**RECORDED DATA:**

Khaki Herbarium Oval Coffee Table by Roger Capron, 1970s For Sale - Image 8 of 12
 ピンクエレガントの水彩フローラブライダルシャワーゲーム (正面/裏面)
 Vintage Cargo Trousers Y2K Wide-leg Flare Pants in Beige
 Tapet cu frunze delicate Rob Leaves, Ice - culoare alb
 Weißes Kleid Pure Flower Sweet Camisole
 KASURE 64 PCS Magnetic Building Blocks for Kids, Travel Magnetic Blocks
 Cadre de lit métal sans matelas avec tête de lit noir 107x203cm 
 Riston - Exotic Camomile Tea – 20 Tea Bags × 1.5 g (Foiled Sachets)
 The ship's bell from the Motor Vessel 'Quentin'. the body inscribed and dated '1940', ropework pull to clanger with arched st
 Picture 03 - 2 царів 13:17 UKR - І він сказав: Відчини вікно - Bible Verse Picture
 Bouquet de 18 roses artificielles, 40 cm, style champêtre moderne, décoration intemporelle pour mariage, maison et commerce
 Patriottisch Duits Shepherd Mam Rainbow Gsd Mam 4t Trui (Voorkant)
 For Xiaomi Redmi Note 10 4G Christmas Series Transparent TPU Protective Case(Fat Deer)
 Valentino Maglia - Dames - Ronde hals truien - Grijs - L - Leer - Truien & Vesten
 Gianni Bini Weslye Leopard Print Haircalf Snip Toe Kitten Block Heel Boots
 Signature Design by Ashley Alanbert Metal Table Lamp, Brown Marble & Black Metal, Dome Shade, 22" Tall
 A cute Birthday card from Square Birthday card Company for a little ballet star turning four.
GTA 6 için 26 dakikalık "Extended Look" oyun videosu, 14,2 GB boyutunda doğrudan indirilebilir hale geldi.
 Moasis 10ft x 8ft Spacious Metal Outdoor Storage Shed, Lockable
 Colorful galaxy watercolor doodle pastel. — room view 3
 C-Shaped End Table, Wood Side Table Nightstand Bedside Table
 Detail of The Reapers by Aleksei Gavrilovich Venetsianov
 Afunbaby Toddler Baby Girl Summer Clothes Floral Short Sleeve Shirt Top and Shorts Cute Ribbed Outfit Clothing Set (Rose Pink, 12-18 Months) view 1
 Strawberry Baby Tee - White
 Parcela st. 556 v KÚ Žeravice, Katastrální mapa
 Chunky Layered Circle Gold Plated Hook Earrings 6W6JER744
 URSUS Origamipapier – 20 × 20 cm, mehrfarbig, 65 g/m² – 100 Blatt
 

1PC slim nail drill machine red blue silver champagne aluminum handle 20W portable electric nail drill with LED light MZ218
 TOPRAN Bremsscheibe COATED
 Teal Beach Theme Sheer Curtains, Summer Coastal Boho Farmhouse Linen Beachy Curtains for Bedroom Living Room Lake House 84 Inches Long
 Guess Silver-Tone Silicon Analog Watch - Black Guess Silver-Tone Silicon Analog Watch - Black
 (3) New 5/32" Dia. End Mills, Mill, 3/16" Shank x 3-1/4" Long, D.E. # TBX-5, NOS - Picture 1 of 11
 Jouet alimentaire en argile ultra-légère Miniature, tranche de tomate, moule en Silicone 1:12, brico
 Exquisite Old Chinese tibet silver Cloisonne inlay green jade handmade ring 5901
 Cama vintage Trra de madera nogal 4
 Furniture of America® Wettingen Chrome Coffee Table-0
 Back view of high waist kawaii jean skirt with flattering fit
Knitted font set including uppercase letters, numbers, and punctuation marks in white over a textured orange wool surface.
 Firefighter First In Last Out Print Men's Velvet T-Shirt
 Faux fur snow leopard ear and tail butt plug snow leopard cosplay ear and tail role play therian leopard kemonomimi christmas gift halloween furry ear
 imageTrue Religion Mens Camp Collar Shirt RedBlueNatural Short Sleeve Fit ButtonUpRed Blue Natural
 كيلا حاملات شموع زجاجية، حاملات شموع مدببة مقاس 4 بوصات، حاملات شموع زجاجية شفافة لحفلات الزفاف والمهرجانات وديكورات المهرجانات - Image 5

**WHAT IS BEING ASKED:**
Only one stretch of the records above is wanted: the lines between the one holding "Patriottisch Duits Shepherd" and the one holding "Valentino Maglia - Dames", inclusive, reproduced exactly.

**YOUR SOLUTION:**
 Patriottisch Duits Shepherd Mam Rainbow Gsd Mam 4t Trui (Voorkant)
 For Xiaomi Redmi Note 10 4G Christmas Series Transparent TPU Protective Case(Fat Deer)
 Valentino Maglia - Dames - Ronde hals truien - Grijs - L - Leer - Truien & Vesten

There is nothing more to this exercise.